Your assignment:
An exact copy of every entry is needed, without the pictures.

=== Entries provided ===

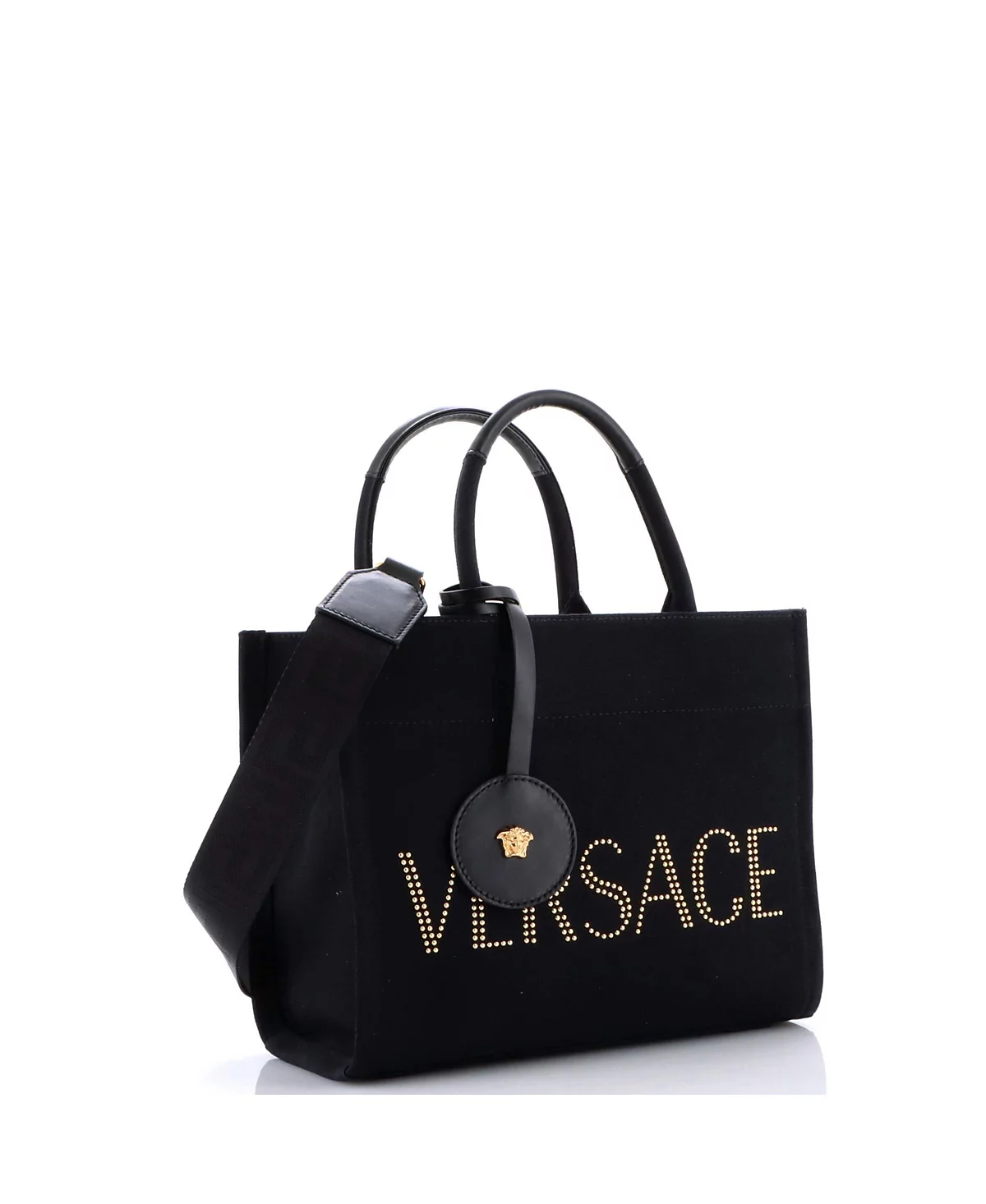 Бывшая в употреблении сумка-тоут Versace Medium La Medusa из парусины с шипами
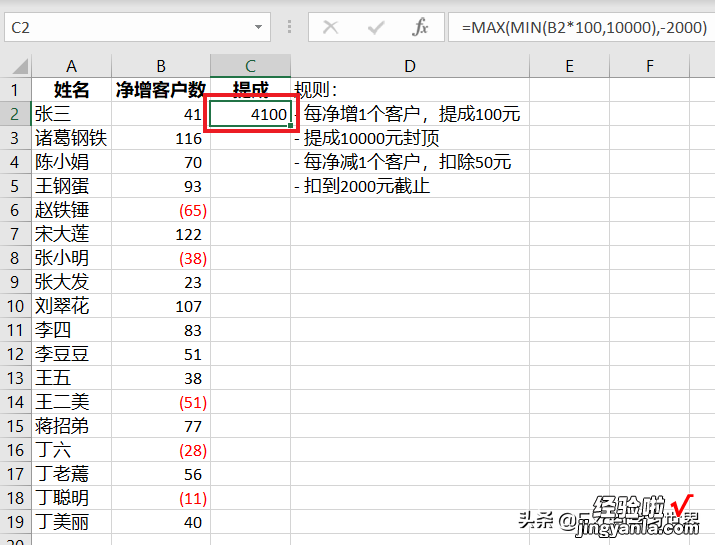 Excel – min max 函数的另类用法，按规则计算奖金提成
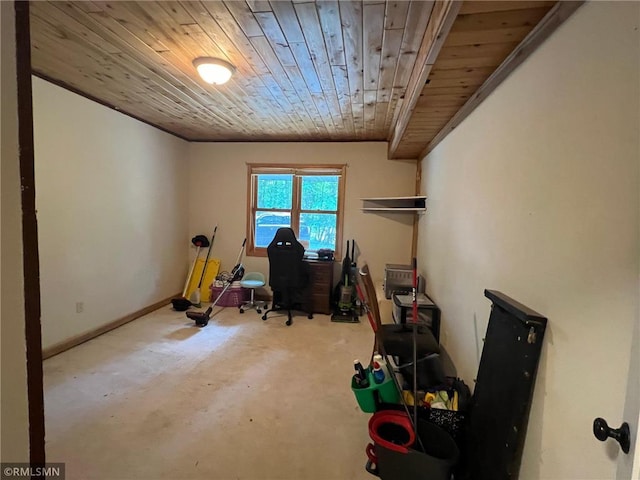 1283 230th Ave, Luck, WI 54853 - home office featuring wood ceiling and concrete floors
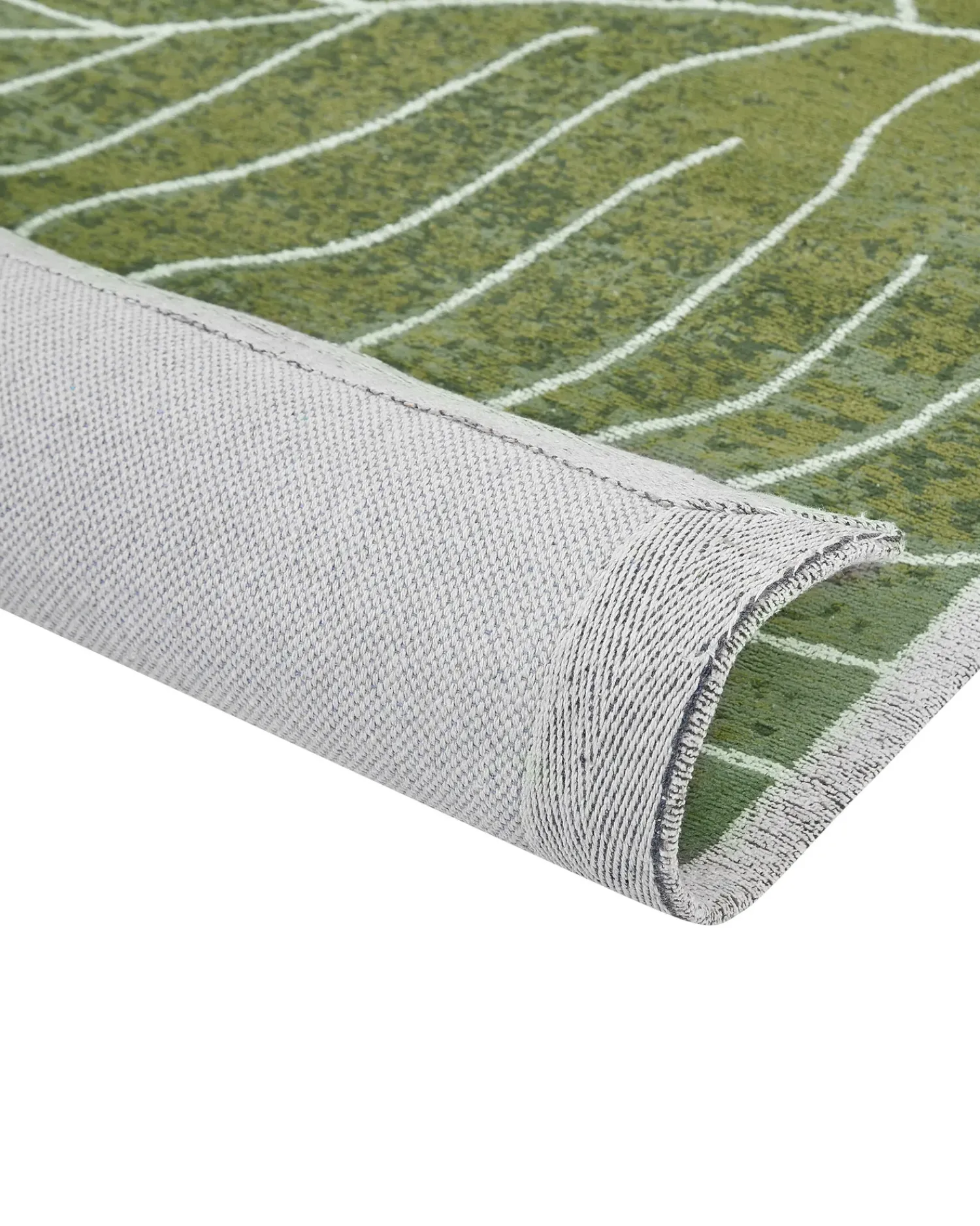 New Beliani Tappeto SARMIN Verde 200 x 300 cm Cotone Bianco Verde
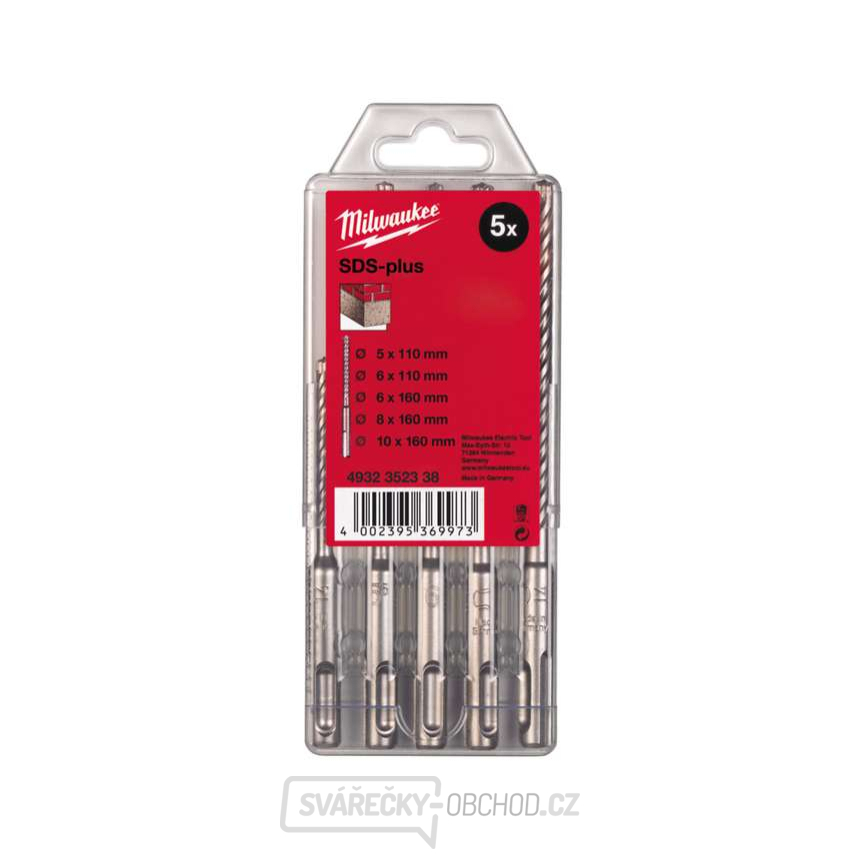 Vrtáky M2 SDS Plus Milwaukee (dvoubřité) průměr  5 ÷ 10 mm, Sada 5 ks, 4932352338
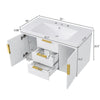 Jayz Floating Vanity with Sink | Gold Accents | White Textured Wood 36"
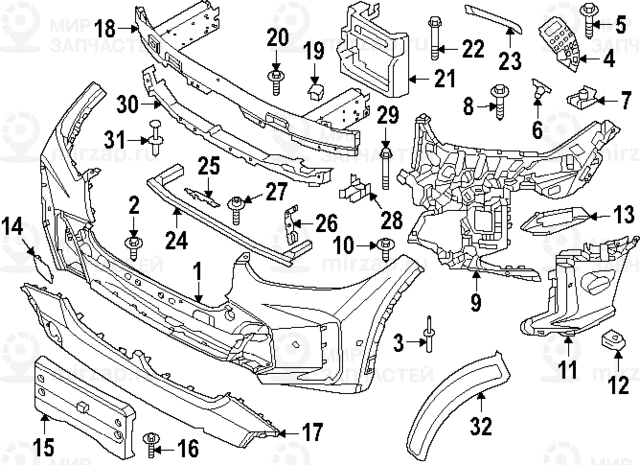Blende Stoгџfг¤Nger Lackiert Vorn
 BMW 51115A7E6E9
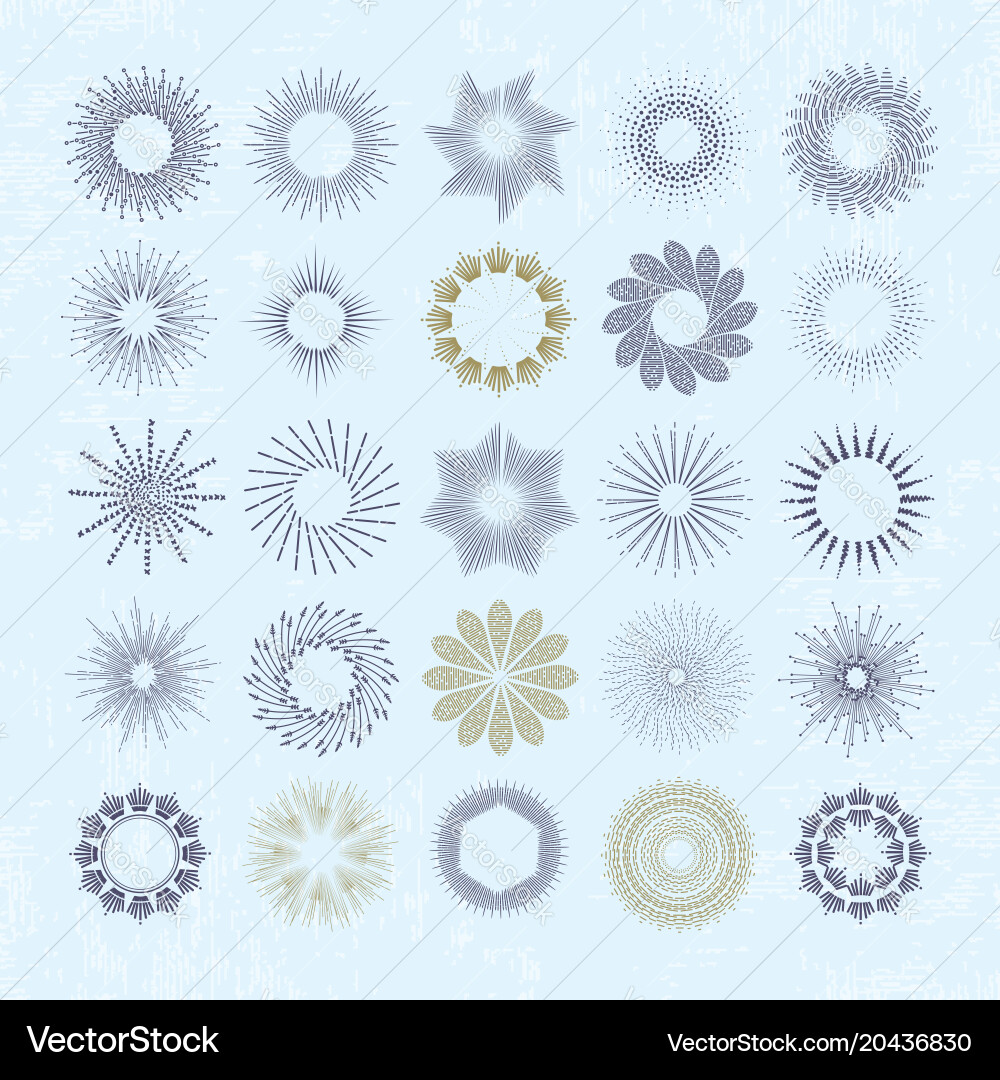 Rays and starburst design elements Vector Image
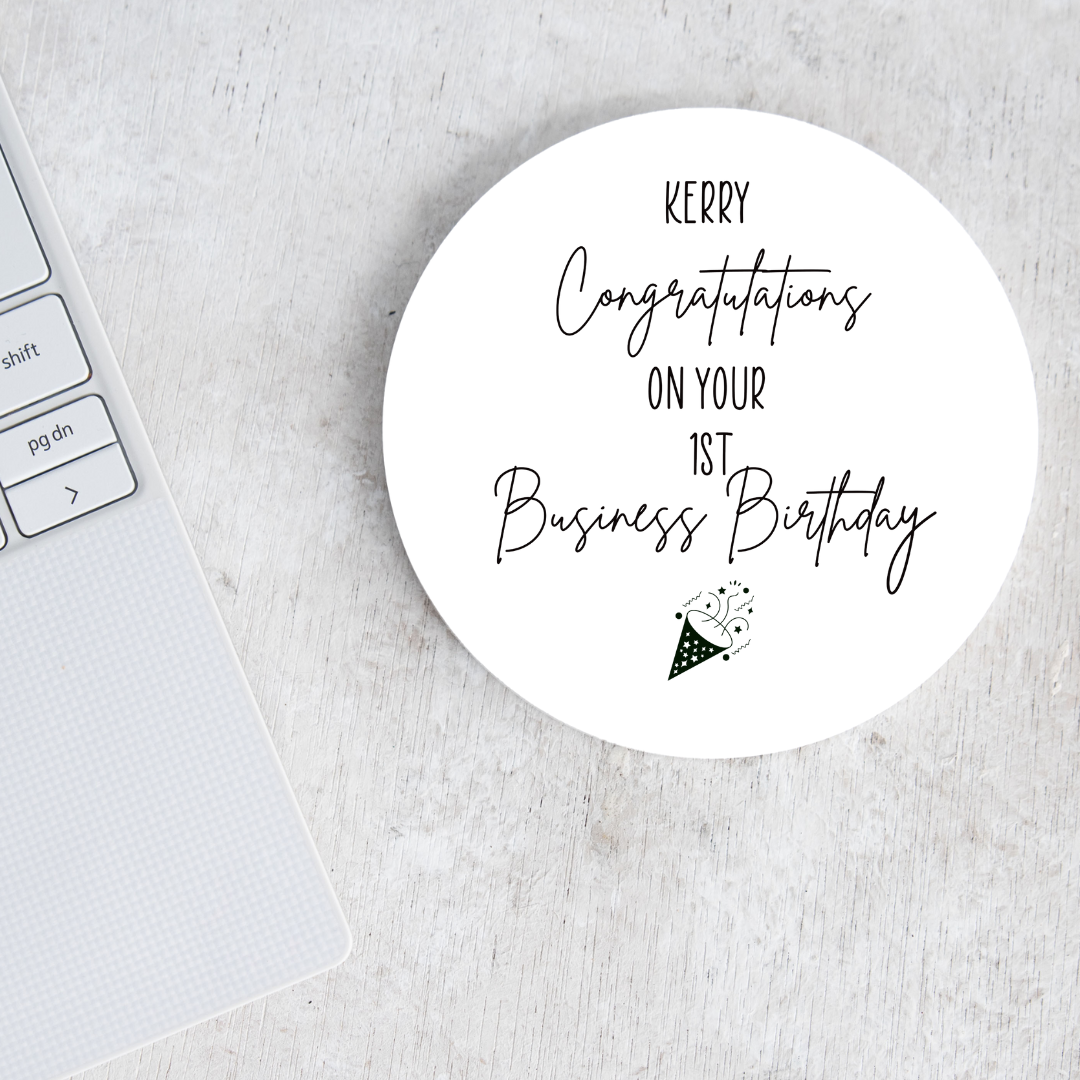 Congratulations Business Birthday - Ceramic Coaster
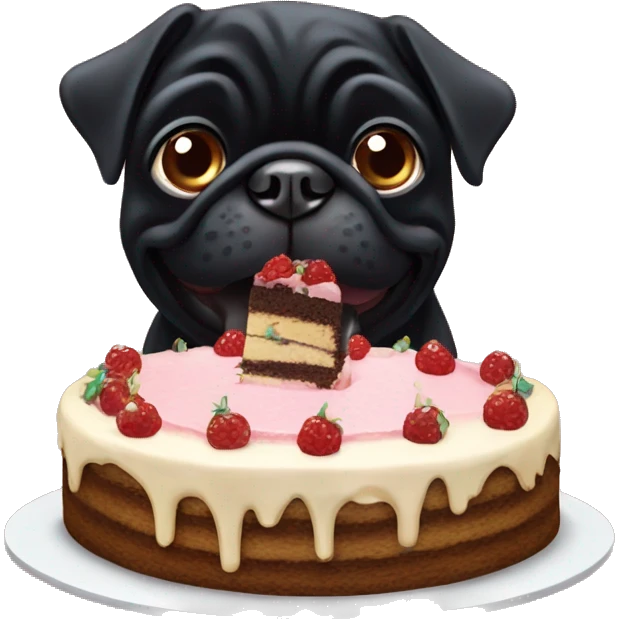 Black pug eating cake emoji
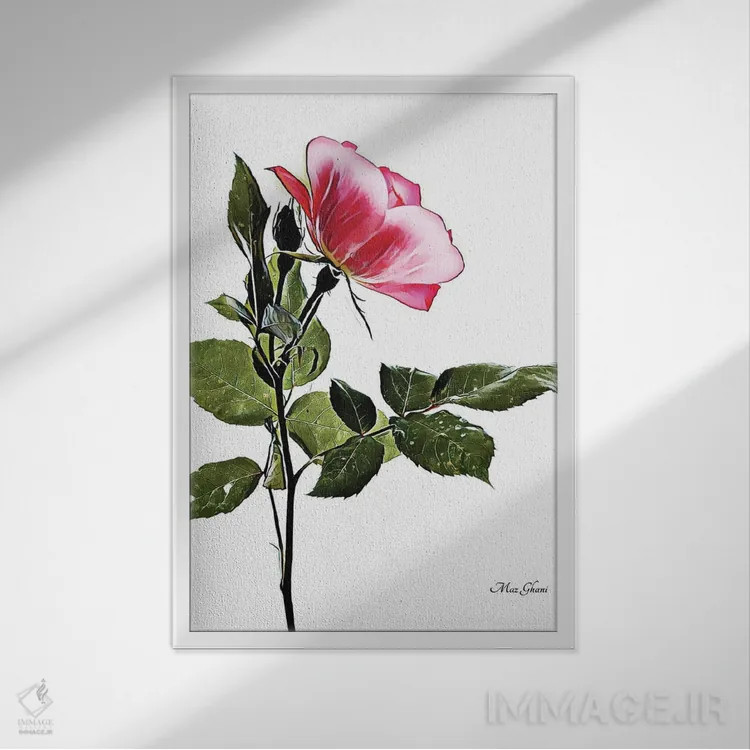 تابلو دکوراتیو رزگون اثر ماز غنی - نمای قابدار سفید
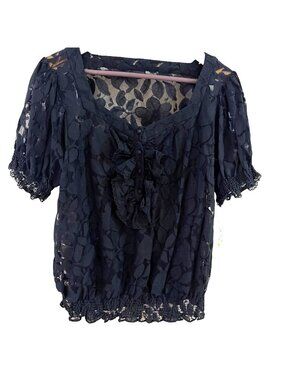 ECI Black Lace Blouse Women's Size 14 Sheer Ruffle Dark Coquette Romantic Luxury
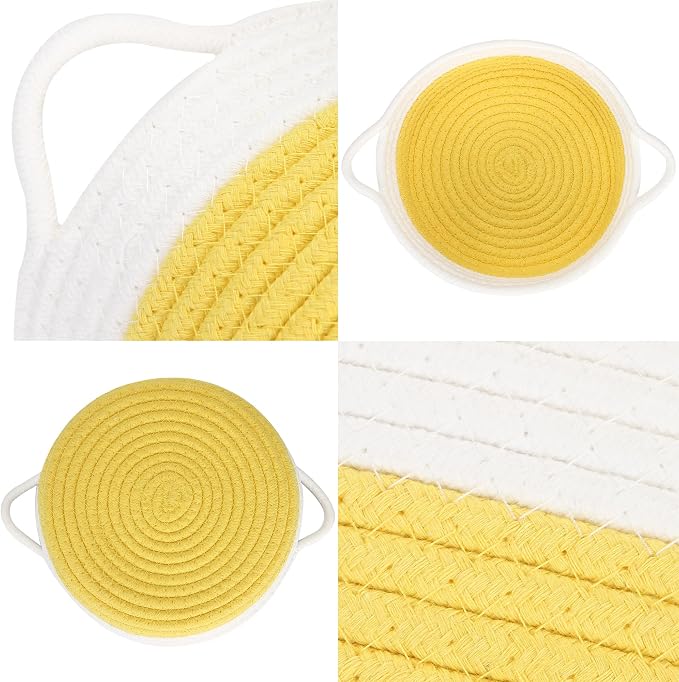 Sea Team 2-Pack Cotton Rope Baskets, 10 x 3 Inches Small Woven Storage Basket - Image 4
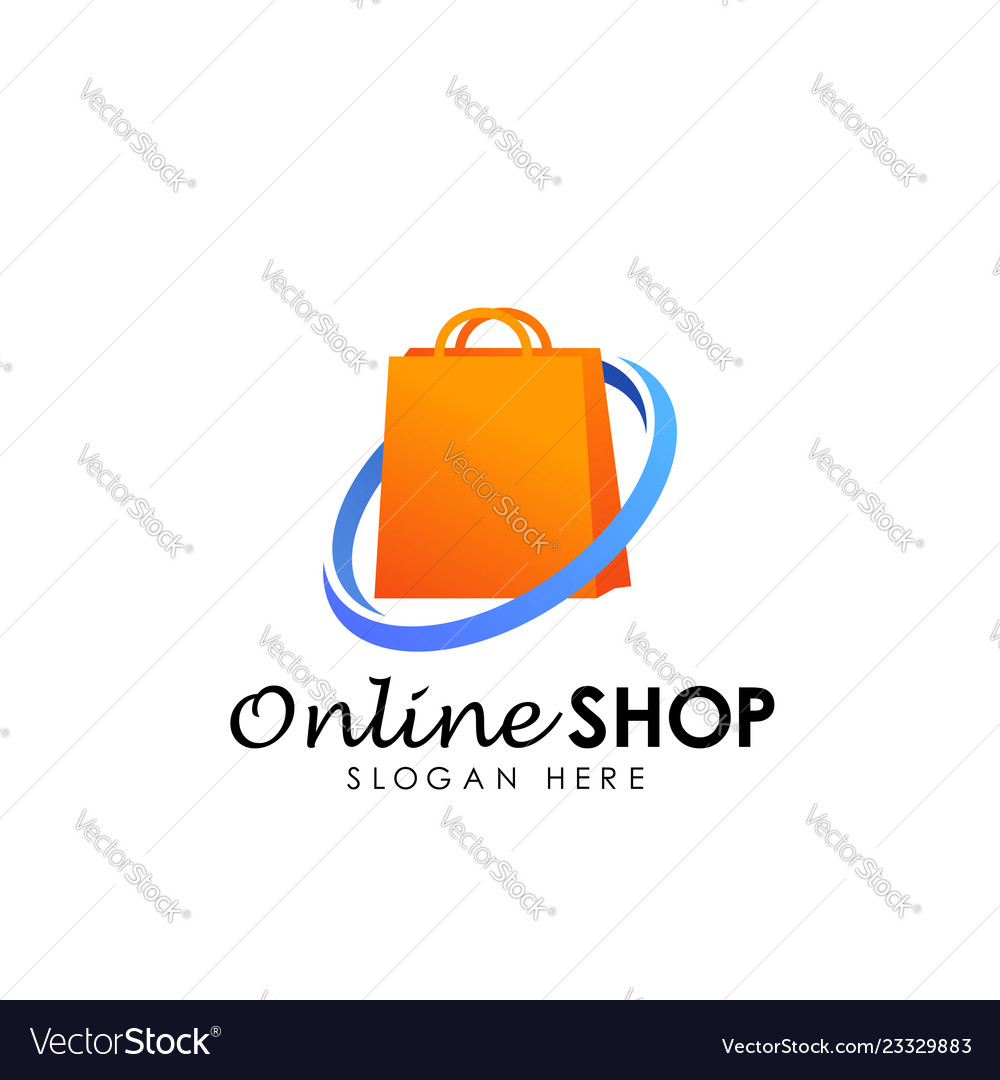 Online shop logo design icon shopping bag logo Vector Image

===

Answer section:
 Бывшая в употреблении сумка-тоут Versace Medium La Medusa из парусины с шипами
 Excel – min max 函数的另类用法，按规则计算奖金提成
 1283 230th Ave, Luck, WI 54853 - home office featuring wood ceiling and concrete floors
 New Beliani Tappeto SARMIN Verde 200 x 300 cm Cotone Bianco Verde
 Vrtáky M2 SDS Plus Milwaukee (dvoubřité) průměr  5 ÷ 10 mm, Sada 5 ks, 4932352338
 Jayz Floating Vanity with Sink | Gold Accents | White Textured Wood 36"
Blende Stoгџfг¤Nger Lackiert Vorn
 BMW 51115A7E6E9
 Rays and starburst design elements Vector Image
 Congratulations Business Birthday - Ceramic Coaster
 Black pug eating cake emoji
 تابلو دکوراتیو رزگون اثر ماز غنی - نمای قابدار سفید
 ECI Black Lace Blouse Women's Size 14 Sheer Ruffle Dark Coquette Romantic Luxury
 Sea Team 2-Pack Cotton Rope Baskets, 10 x 3 Inches Small Woven Storage Basket - Image 4
 Online shop logo design icon shopping bag logo Vector Image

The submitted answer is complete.